Date: 2008-11-04 09:19 pm (UTC)
From: [identity profile] truepenny.livejournal.com
He's still the best option we've got--or have had in a long time.

Which is another reason I hate politics.

Date: 2008-11-04 11:11 pm (UTC)
From: [identity profile] mevincula.livejournal.com
I don't disagree with you. But I miss hope.

well said...

Date: 2008-11-04 06:15 pm (UTC)
themadblonde: (politics & poker)
From: [personal profile] themadblonde
pretty much my feelings exactly (though better expressed, & it seems I've got 10 years on you in experience of voting & politics).

Personally, I think Bill the Cat might have made an excellent President, as long as he still had Opus as VeeP & Milo as a handler.

If there are ANY good guys left, it's time they won.

Date: 2008-11-04 06:18 pm (UTC)
From: [identity profile] oracne.livejournal.com
The first election I remember was 1976. I clearly remember sitting in the dining room watching the Democratic National convention.

Date: 2008-11-04 06:31 pm (UTC)
From: [identity profile] splagxna.livejournal.com
sounds very, very familiar. the first one i remember was 84, and i was in first grade. we had a mock election, and somehow i had heard of reagan but not mondale (bizarre, given my family) - so i voted for reagan.

i told my parents about it that afternoon and they had a very serious discussion with me about how reagan was bad, basically (actually, my dad was pretty shocked, from what i recall - i suspect now b/c he realized he'd failed to educate me, but i felt very guilty!). anyway, i never looked back!

i remember when the first bush ran, my dad called him a dirtbag in the kids' hearing. we thought this was hilarious. my mother was not pleased, saying it would teach us we could disrespect our politicians/leaders.
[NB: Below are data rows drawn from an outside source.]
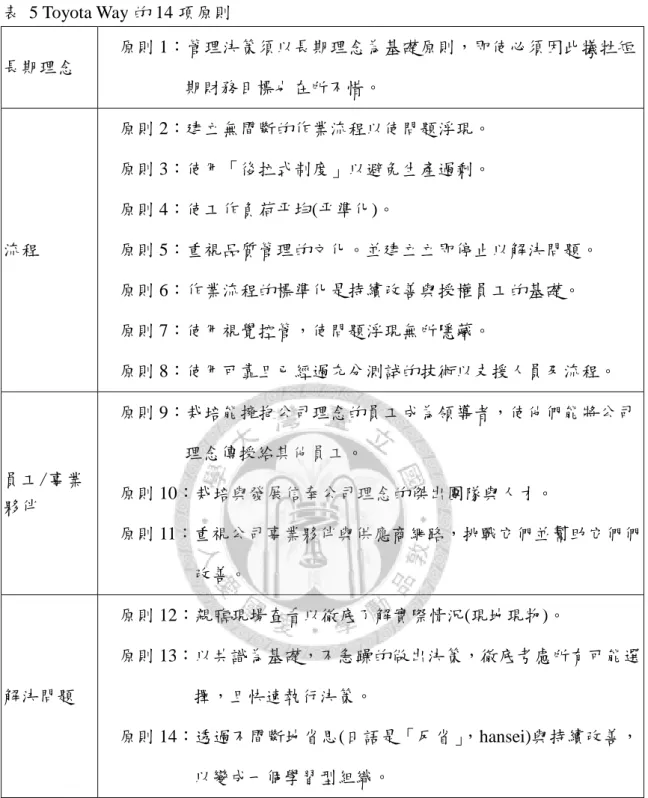 表  5 Toyota Way 的 14 項原則  長期理念  原則 1：管理決策須以長期理念為基礎原則，即使必須因此犧牲短 期財務目標也在所不惜。  流程  原則 2：建立無間斷的作業流程以使問題浮現。 原則 3：使用「後拉式制度」以避免生產過剩。 原則 4：使工作負荷平均(平準化)。  原則 5：重視品質管理的文化。並建立立即停止以解決問題。  原則 6：作業流程的標準化是持續改善與授權員工的基礎。  原則 7：使用視覺控管，使問題浮現無所隱藏。  原則 8：使用可靠且已經過充分測試的技術以支援人員及流
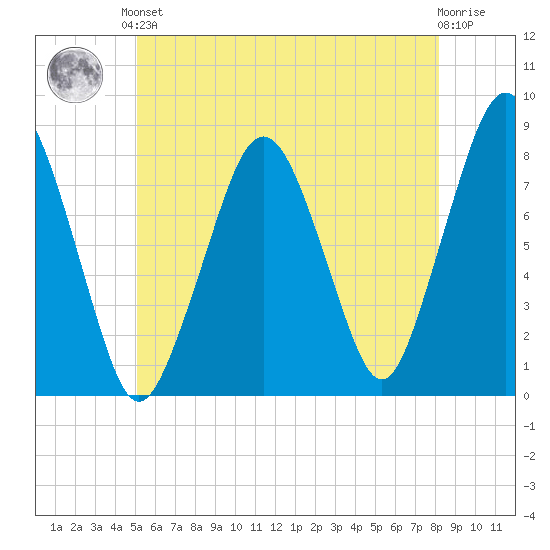 Cape Cod Canal East tide chart for Saturday, June 3, 2023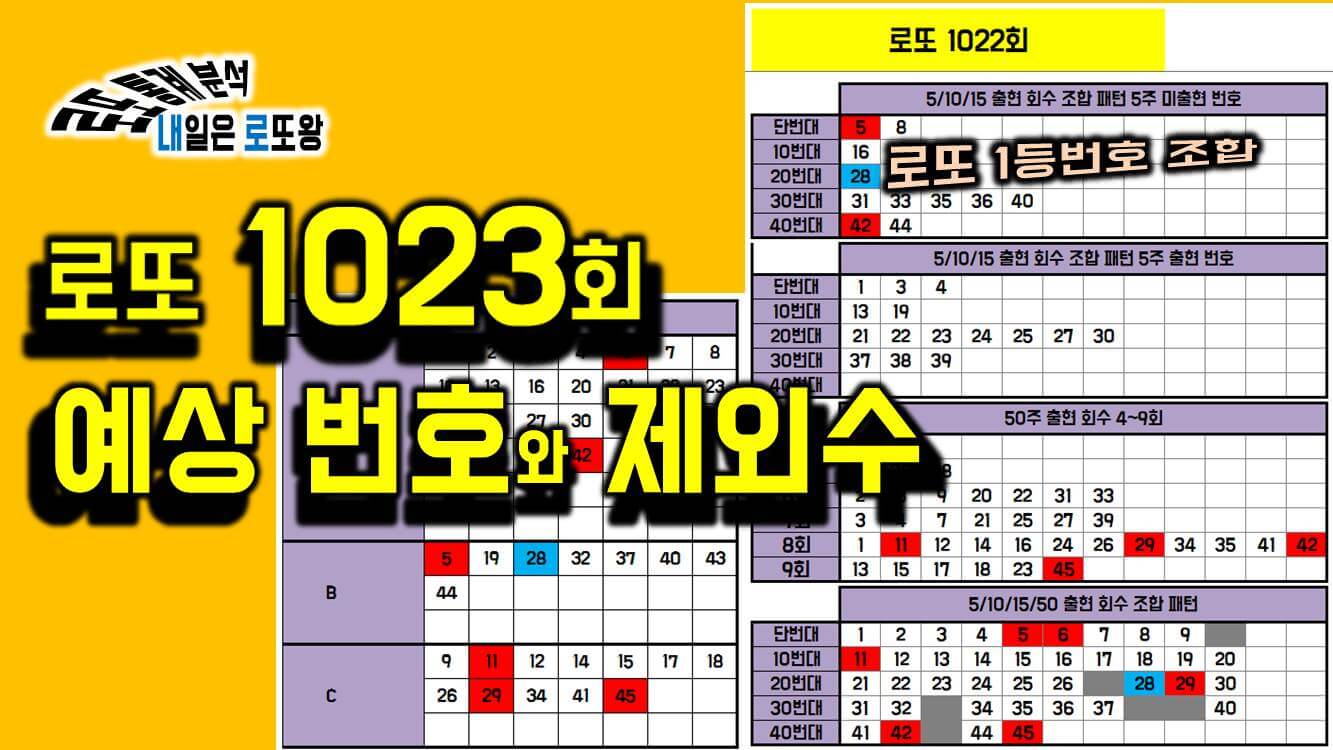 로또 1023회 예상 번호와 제외수 썸네일 이미지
and in fact, it did exactly that. :)

Date: 2008-11-04 06:32 pm (UTC)
mithriltabby: Flashing biohazard symbol over a donkey-elephant chimera (Politics)
From: [personal profile] mithriltabby
I feel much the same, which is why I am committed to fixing the system. I’ll send e-mail to my Congresscritters over any cause I like and send money to the ones I think are particularly significant, but what gets me out there in person to harangue my local city council is fixing the structural problems with our election system.

Date: 2008-11-04 06:38 pm (UTC)
From: [identity profile] truepenny.livejournal.com
And I admire you for it.

Date: 2008-11-04 06:34 pm (UTC)
From: [identity profile] gwynraven.livejournal.com
Thank you for this post because I have found here an articulation of my opinion that I have never been able to get out clearly on my own. And I *love* the term yellow dog Democrat.

I only vaguely remember the 1984 election - I wanted my mother to vote for Reagan because I'd at least *heard* of him, and I'd never heard of that other guy (hey, I was 5). At the time I didn't even know what Democrat and Republican meant, but it was the last time I had complimentary thoughts about pretty much any Republican. By the 1988 election I was the only person in my 4th grade class (Missouri) who voted for Dukakis in our mock-election and that has sent the tone for the rest of my life. I was too young to vote in the 1992 or 1996 elections, and by 2000 I was living in the South, so I have never felt my vote was anything more than pissing in the wind.

All my life I have seen nothing but America backsliding further and further from what I was taught that America should be. My mother was in grade school during the Civil Rights movement, and while the very fact a struggle was necessary is an embarrassment in the supposed Land of the Free, at least she can look back and say we *won* that one. Or so it seemed. My own formative years have been punctuated by loss after crushing loss and a general return to the 'Good Old Days' of prejudice, fear-mongering, and theocratic sentiment.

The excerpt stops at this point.